How Components Are Selected

Not every component appears in every recipe. The recipe engine selects components based on the overlay chain for your environment:

  • Base components (cert-manager, kube-prometheus-stack) appear in most recipes.
  • Cloud-specific components (aws-efa, aws-ebs-csi-driver) are added when the service matches.
  • Intent-specific components (agentgateway, agentgateway-crds) are added based on workload intent (e.g., inference recipes include the inference gateway).
  • Platform-specific components (slinky-slurm-operator, slinky-slurm, kubeflow-trainer, dynamo-platform) are added when the recipe selects a matching --platform. For --platform slurm, all three Slinky pieces (slinky-slurm-operator-crds, slinky-slurm-operator, slinky-slurm) are declared inline per slurm leaf overlay — the same shape dynamo-platform uses across *-inference-dynamo leaves. Leaves that want the operator only inline the CRDs + operator and omit the slinky-slurm componentRef.
  • Accelerator/OS-specific tuning (nodewright-customizations, nvidia-dra-driver-gpu) varies by hardware and OS combination.

NFD Topology Updater

Production GPU leaf recipes (H100, GB200, RTX Pro 6000 on EKS / AKS / GKE / OKE / LKE) enable the NFD Topology Updater. It publishes per-node NodeResourceTopology CRDs that describe NUMA zones, GPU-to-NUMA affinity, and NIC-to-NUMA affinity. Runtime consumers (NUMA-aware schedulers, debugging via kubectl get noderesourcetopologies) can read these CRDs without further configuration.

The Topology Updater requires the kubelet podResources gRPC socket. The KubeletPodResources feature gate has been on by default since Kubernetes 1.15 (Beta) and reached GA in Kubernetes 1.28; AICR’s recipe constraints on the affected leaves require K8s ≥ 1.30 or higher, so this is satisfied in practice. Recipes targeting Kubernetes < 1.15 must enable the feature gate explicitly. Kind / KWOK simulated clusters do not run a real kubelet and therefore leave the Topology Updater disabled — kind-based recipes will not see NodeResourceTopology CRDs.

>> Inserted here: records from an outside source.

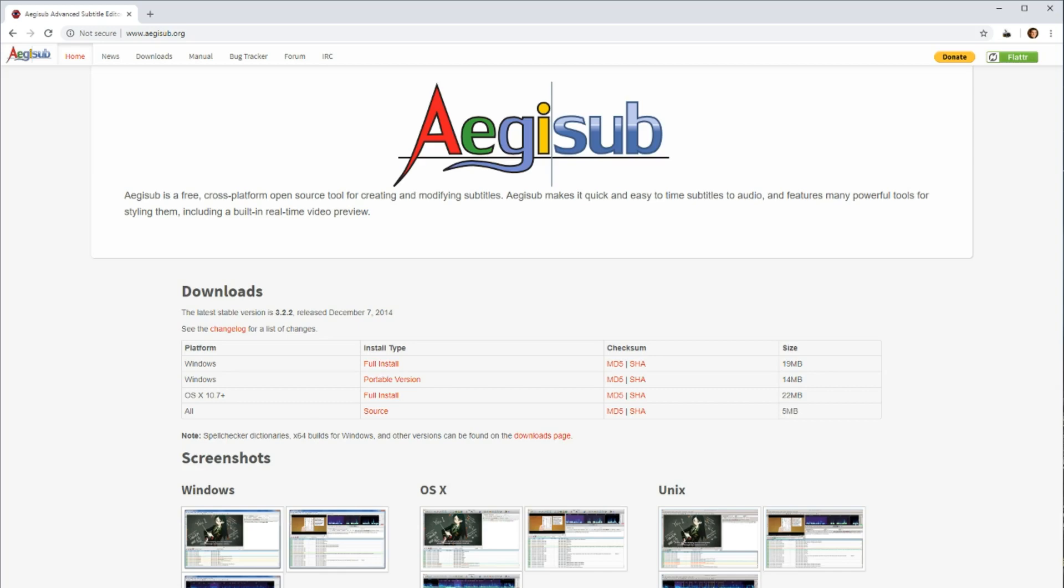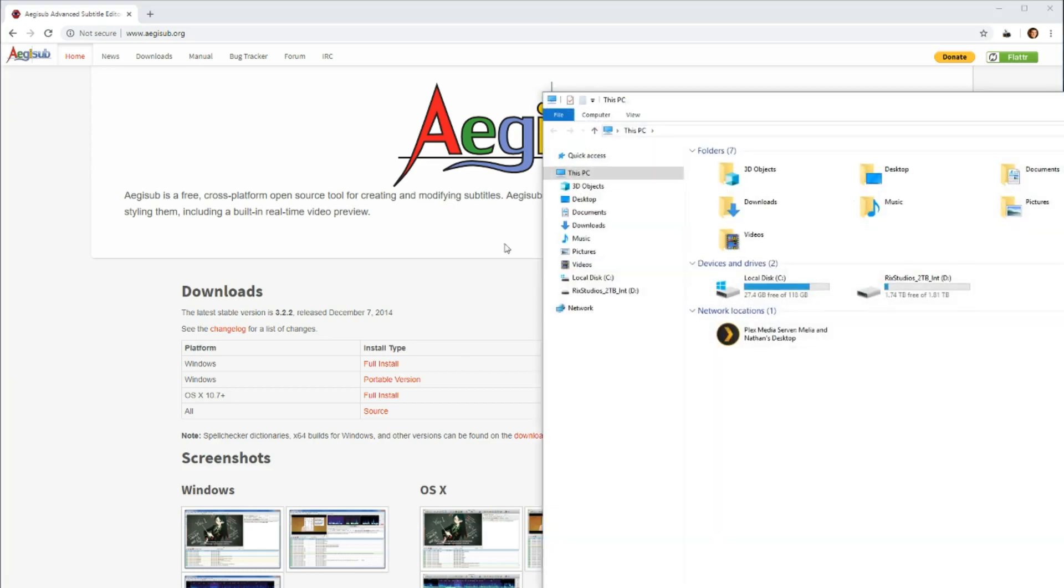And it just installs just like any other program would on Windows. It's a .exe file. And my particular one appears in my Downloads folder as well.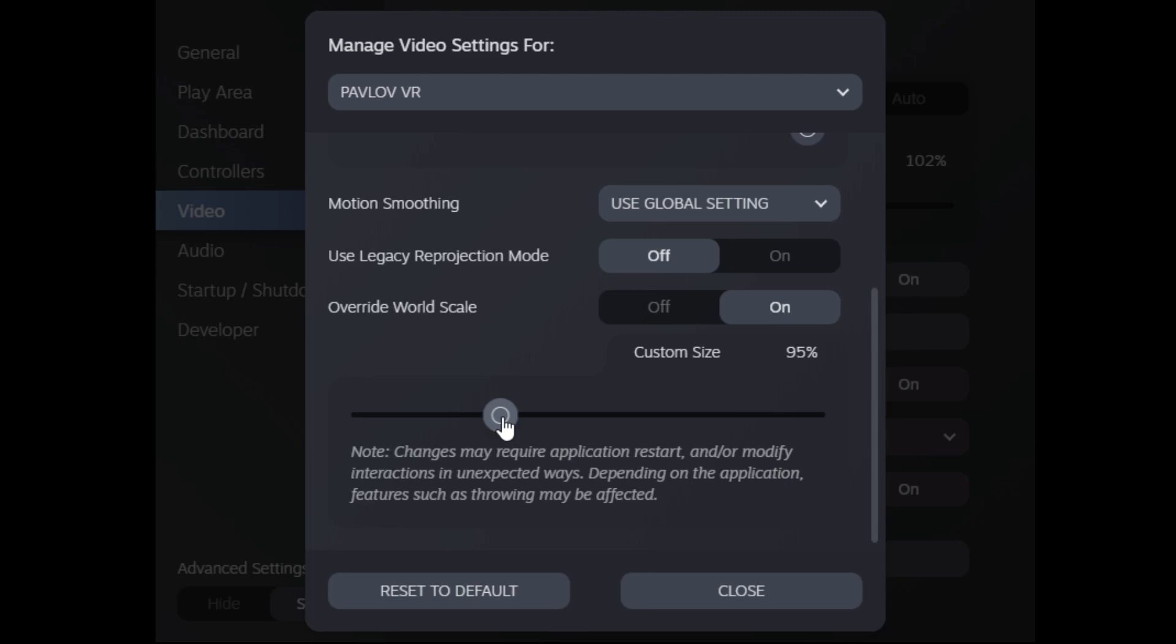So for G2, you might want to try 105% or more. So you can experiment with this.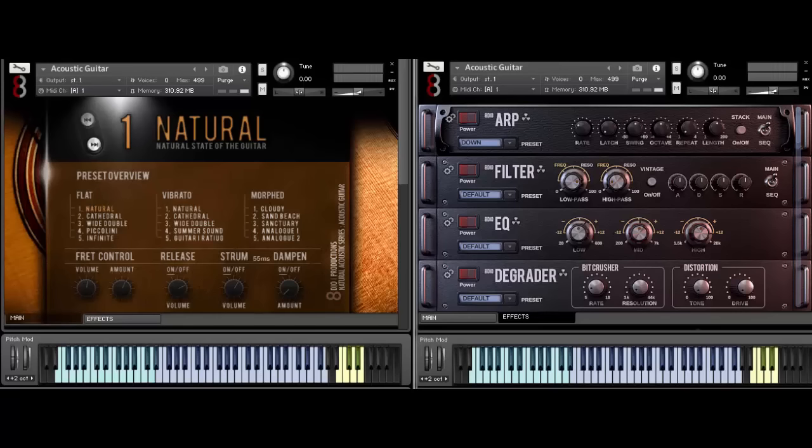Hey, this is Trolls from 8DO, and in this video I'm going to share our 8DO Acoustic Guitar Soloist.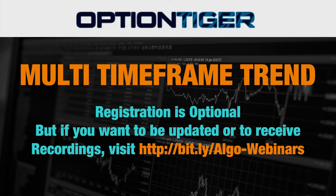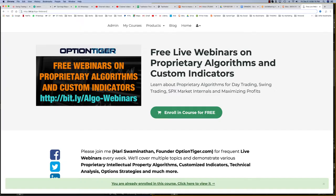But if you want to be updated about future webinars, or if you want to receive recordings in case you can't attend live, then please visit this link: bit.ly/algo-webinars. I'm going to show you what that link looks like right now.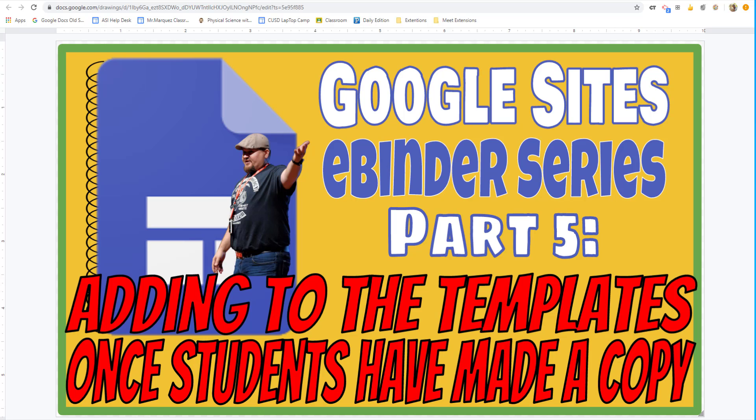Hello everybody, welcome to part 5 of our Google Sites eBinder series. Today I want to show you how you can change your templates once your students have already made a copy.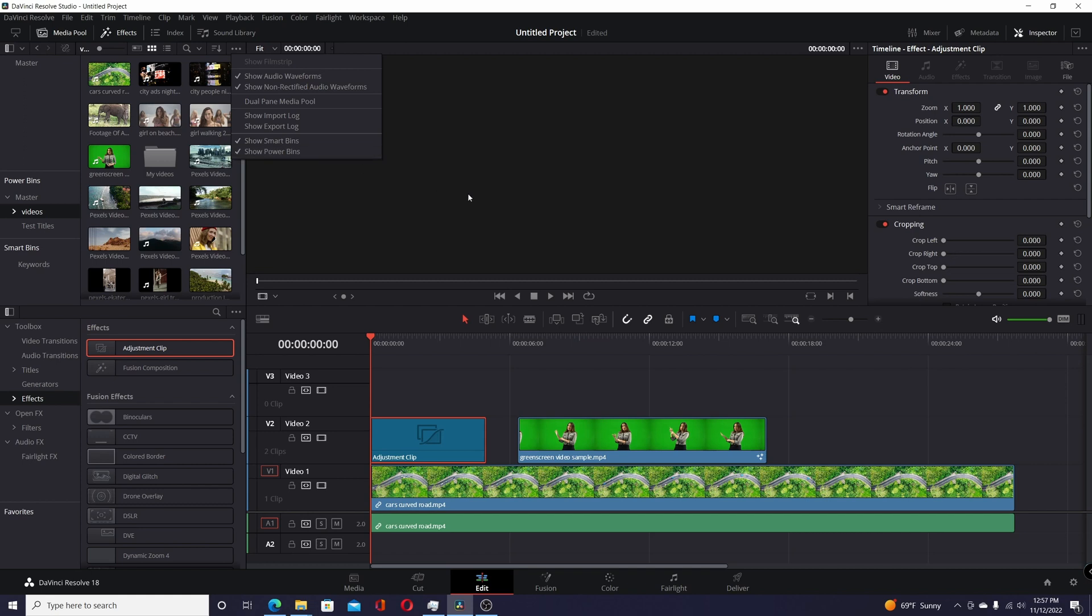This is just a quick video to show you where a couple of those missing features are now located instead of in the View menu. Hopefully you found this video useful, and thank you for watching.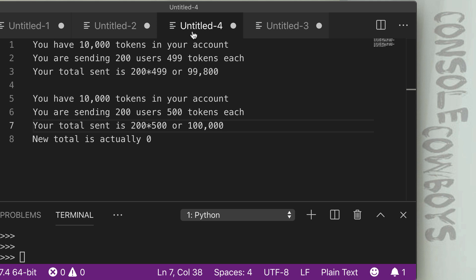However, if you had 10,000 tokens in your account and you were sending 200 users 500 tokens each, your total is then 200 times 500 or 100,000 tokens. Now 100,000 tokens is a six digit number, which creates an issue. We're now going to overflow and the new total is actually zero. We've just overflowed. Now how can we use this in an attack? So we're going to take a look now at another code example of how that would happen.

See the upstream Topology Updater docs for runtime consumer examples.

To see exactly which components appear in a given recipe, generate one:

$aicr recipe --service eks --accelerator h100 --os ubuntu --intent training -o recipe.yaml

The output lists every component with its pinned version and configuration values.

Inference Gateway Network Exposure

Inference recipes include the agentgateway component, which deploys an inference-gateway Gateway. The agentgateway controller materializes that Gateway into a Service of type LoadBalancer, so on every cloud the platform provisions an internet-facing load balancer for the (plaintext HTTP, unauthenticated) inference endpoint. By default that load balancer accepts traffic from any source (0.0.0.0/0).

To restrict it to trusted networks, set agentgateway.allowedSourceRanges to a list of CIDR (Classless Inter-Domain Routing) blocks. The values are rendered into the generated Service’s spec.loadBalancerSourceRanges, which the AWS, GCP, Azure, and OCI cloud load balancers all honor — so one setting locks the gateway down on every platform.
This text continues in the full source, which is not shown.